**RECORDS SHOWN**
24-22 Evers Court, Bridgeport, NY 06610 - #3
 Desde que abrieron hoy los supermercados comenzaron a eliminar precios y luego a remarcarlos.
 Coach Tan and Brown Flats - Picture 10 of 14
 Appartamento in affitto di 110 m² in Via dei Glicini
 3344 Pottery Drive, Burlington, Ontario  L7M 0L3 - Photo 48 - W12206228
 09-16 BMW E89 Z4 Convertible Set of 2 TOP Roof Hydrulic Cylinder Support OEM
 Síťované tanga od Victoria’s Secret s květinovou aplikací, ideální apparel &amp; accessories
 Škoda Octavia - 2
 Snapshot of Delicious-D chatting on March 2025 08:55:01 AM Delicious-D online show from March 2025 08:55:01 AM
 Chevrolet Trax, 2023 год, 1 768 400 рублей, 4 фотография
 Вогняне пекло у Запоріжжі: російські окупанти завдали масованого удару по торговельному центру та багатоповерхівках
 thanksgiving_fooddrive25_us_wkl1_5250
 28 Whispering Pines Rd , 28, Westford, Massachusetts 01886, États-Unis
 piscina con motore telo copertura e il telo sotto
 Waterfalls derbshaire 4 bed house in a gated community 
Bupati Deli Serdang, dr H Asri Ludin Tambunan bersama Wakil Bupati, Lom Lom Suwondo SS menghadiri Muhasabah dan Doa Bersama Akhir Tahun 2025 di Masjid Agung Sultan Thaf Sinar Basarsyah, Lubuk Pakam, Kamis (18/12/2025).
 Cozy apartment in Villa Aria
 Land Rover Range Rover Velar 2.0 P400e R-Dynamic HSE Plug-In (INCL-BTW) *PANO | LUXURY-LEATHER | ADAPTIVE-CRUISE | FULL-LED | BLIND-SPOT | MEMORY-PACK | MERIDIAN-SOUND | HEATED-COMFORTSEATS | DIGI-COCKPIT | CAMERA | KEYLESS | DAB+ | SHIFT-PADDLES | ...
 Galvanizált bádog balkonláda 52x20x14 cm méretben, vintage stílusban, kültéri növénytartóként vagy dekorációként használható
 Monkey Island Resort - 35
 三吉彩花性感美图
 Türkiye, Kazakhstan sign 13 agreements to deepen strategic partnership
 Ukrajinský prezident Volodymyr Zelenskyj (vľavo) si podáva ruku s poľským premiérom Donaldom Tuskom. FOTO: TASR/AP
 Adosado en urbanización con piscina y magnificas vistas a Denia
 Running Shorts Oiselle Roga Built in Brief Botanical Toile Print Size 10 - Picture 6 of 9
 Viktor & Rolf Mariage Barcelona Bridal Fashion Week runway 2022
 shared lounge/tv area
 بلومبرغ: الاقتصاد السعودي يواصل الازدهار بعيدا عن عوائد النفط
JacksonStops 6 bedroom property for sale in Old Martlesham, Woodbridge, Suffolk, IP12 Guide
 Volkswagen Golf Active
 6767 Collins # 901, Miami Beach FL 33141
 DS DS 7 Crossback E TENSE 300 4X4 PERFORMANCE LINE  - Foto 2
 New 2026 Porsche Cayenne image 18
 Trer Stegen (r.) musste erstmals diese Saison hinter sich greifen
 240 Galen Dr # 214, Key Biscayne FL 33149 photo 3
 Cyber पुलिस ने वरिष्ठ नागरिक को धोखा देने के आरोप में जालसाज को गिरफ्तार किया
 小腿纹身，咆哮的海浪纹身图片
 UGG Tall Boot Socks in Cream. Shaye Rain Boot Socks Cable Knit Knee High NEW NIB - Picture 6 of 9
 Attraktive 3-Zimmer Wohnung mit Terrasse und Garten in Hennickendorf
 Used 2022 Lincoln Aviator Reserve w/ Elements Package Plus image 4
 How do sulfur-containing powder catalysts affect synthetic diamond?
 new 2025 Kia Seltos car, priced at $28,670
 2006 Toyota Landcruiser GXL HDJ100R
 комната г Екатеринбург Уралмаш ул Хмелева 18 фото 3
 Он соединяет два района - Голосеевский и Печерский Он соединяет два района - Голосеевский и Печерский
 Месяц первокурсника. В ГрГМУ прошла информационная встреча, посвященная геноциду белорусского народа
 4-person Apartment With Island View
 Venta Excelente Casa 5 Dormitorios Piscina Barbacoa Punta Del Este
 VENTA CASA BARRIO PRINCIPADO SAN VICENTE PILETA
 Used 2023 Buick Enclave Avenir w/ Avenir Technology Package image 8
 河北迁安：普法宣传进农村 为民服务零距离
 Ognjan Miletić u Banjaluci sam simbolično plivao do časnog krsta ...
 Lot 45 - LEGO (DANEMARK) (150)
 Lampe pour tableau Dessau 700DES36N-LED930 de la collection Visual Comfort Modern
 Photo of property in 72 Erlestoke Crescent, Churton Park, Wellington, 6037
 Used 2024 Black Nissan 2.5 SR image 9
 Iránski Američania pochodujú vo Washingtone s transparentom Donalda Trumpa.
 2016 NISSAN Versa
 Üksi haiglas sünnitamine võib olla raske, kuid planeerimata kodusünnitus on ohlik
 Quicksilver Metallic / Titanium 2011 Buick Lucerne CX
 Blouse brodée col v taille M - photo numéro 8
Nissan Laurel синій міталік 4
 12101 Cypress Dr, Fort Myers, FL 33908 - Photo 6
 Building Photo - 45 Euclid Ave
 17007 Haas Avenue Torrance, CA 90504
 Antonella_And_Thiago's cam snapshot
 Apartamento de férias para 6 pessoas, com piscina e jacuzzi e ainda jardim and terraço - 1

**ACTIVITY**
Can you repeat, word for word, every line above from the one containing "Venta Excelente Casa" down to the one containing "Lot 45 - LEGO (DANEMARK) (150)", including both?

**RESULT OF THE EXERCISE**
 Venta Excelente Casa 5 Dormitorios Piscina Barbacoa Punta Del Este
 VENTA CASA BARRIO PRINCIPADO SAN VICENTE PILETA
 Used 2023 Buick Enclave Avenir w/ Avenir Technology Package image 8
 河北迁安：普法宣传进农村 为民服务零距离
 Ognjan Miletić u Banjaluci sam simbolično plivao do časnog krsta ...
 Lot 45 - LEGO (DANEMARK) (150)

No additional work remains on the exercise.